Fig. 3. Mouse PK data for compound PDEi2.

A Time courses of total drug concentration determined in plasma with single dose IV and oral administration at indicated doses. B Time courses of total drug concentration determined in washed intestinal tissue segments with single dose 10 mg/kg oral administration. Data for (A) and (B) are mean and SEM (n = 3 mice per experimental group where SEM shown; n = 2 mice per group where no SEM shown). Source data for (A) and (B) are provided as a Source Data file.

Fig. 4. In vitro rate of parasite elimination.

Rate-of-action curves for (A) nitazoxanide (NTZ) and (B) PDEi5 showing elimination of C. parvum from infected HCT-8 cells. One-phase exponential decay curves were fit for NTZ and PDEi5. Data are the means and SD for 4 culture wells per condition, normalized for each time point to the mean of 28 vehicle (DMSO) control culture wells. Results from one of two experiments shown. Source data are provided as a Source Data file. A No exponential decay curve could be fit for NTZ at the EC₉₀ which was the highest non-toxic concentration. Blue (DMSO); black (NTZ EC₉₀). B Rapid parasite elimination by PDEi5. Curves are shown for 3×EC₉₀ (gray) and 6×EC₉₀ (cyan) (the highest concentration tested), or the DMSO control (blue).

Fig. 5. Overlay of lowest energy pose from induced fit docking of PDEi5 in the CpPDE1 model (gold) with hPDE-V (purple; pdb 1UDT).

Only the seven of the 18 total residues within 4 Å of the PDEi5 ligand that differ between the two proteins are shown, along with Val900 (5 Å).

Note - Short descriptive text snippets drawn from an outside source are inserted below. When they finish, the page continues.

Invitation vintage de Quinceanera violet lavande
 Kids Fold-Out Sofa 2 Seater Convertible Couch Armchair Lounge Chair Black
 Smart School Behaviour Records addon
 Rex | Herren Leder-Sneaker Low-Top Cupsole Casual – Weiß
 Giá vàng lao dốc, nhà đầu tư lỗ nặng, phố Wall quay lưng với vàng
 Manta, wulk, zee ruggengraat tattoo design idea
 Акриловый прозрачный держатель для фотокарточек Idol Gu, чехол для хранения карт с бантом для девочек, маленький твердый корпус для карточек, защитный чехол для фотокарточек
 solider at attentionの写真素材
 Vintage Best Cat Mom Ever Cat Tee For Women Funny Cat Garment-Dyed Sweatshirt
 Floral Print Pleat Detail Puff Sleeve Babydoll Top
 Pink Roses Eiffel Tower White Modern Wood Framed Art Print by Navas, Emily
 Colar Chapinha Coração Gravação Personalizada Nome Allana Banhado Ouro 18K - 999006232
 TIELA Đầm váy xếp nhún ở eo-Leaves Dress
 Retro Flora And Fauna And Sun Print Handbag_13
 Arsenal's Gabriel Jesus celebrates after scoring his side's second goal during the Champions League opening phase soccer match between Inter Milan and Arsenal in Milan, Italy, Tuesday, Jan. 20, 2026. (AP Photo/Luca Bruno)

The ligand binding pocket of CpPDE1 is shown as a gray surface. A Induced fit docked pose of PDEi5. B Overlay of sildenafil from hPDE-V structure (pdb 1UDT). Arrows indicate steric clashing with Val900 and His884 preventing sildenafil from obtaining the same docking pose in CpPDE1 vs. hPDE-V.

Fig. 6. Genetic validation of CpPDE1 as a drug target.

A CRISPR strategy for humanizing CpPDE1. A Val900Ala mutation and nano-luciferase/Neo resistance cassette were incorporated in the CpPDE1 locus. Transgenic control parasites were also made. B PCR (primers P1 and P2 in (A)) confirming modification of CpPDE1 (representative of 2 experiments). C Sanger sequencing confirming the designed mutation. For (D–F), dose response assays were conducted with the indicated inhibitor and CpPDE1 Val900Ala, CpPDE1 transgenic wt, and C. parvum(Iowa). Graphs show the means of 4 culture wells per condition (one of two experiments per inhibitor). Orange = CpPDE1 Val900Ala; gray = transgenic wt; black = C. parvum(Iowa). D Sensitization of the CpPDE1 Val900Ala parasite to sildenafil. E Effect of Val900Ala mutation on growth inhibition by PDEi5. F Effect of Val900Ala mutation on growth inhibition by PDEi2. Source data for all graphs are provided as a Source Data file.